Of course, I myself was convicted at the reality that I was also joining the ranks of infrequent evangelistic work. However, I also knew that if I even have 2 pennies to give to God, He accepts it gladly. I also realized I work not to relieve the guilt that Christians mistakenly carry in response to the greatness of the world's needs, but I work to please the Father. "Apart from Him I can do nothing" said even our Lord His Son. It's all about Jesus! So, Jesus took my little offering of a few days here, and a few days here, and He used these days to bring dozens, even hundreds to Himself.

This is where we would walk into a village and speak to just a few. We were always welcomed with offers for chairs (or sometimes to join them on the large stones they sat on) and cool cups of water. We found that a chat under a tree would repetively turn into a gathering of the whole village. Across 5 villages and 1 village school, we perhaps spoke to about 50 people in each place. I'm not wanting to count numbers and tell you about our multitudes; for the pleasure of Jesus is my only goal. However, it was pure joy that when Jesus is lifted up, all men will be drawn!

Those in the Northeast were of mixed tribal backgrounds, but the Lozi tongue was the mutual language that they used for trade. Partnering together with our Pastor-friend, we translated the rarely heard Scriptures for them. In each village, the Lord told me to tell a story of the prodigal son who left his father. I put it into their context, telling them about a boy that grew up with a rich Cheif as his father...he left the village to spend money in the big city, only to find himself out of money...when he came back the Cheif ran to the boy....it was the same story in their words (except it still had to be translated) and I was thankful to the Holy Spirit to give me the words to say each time. Some were backslidden becauase they hadn't heard for a long time; even the drunks came out from the village bars (funny that the bars will go, but the Church won't) nearby and listened to these stories of love...and the drunks were the first to raise their hands!
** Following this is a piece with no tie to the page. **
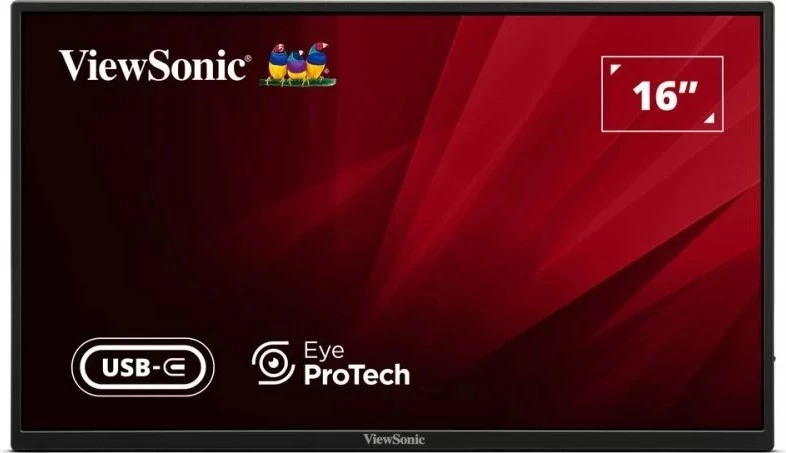 Monitor portativ ViewSonic VA1650 16\" IPS Full HD USB-C/HDMI me altoparlantë, i zi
My favorite of all these hundreds of lives was Ka Mbela Mbela....the witchdoctor that gave his heart to the Lord. I really want to revisit this area, Lord willing. But the best thing was the fact that we brought 7 young college age Christians from the city, so Lord willing they will provide some follow-up. I read the wisdom of Paul, who knew he had to move around, which is why he appointed Gentile leaders like Timothy and Titus and many others who would remain...he knew he had to go, but one would plant and another would harvest. Working toghether with the nationals, for me, means that Jesus gets the Glory at the end of the day.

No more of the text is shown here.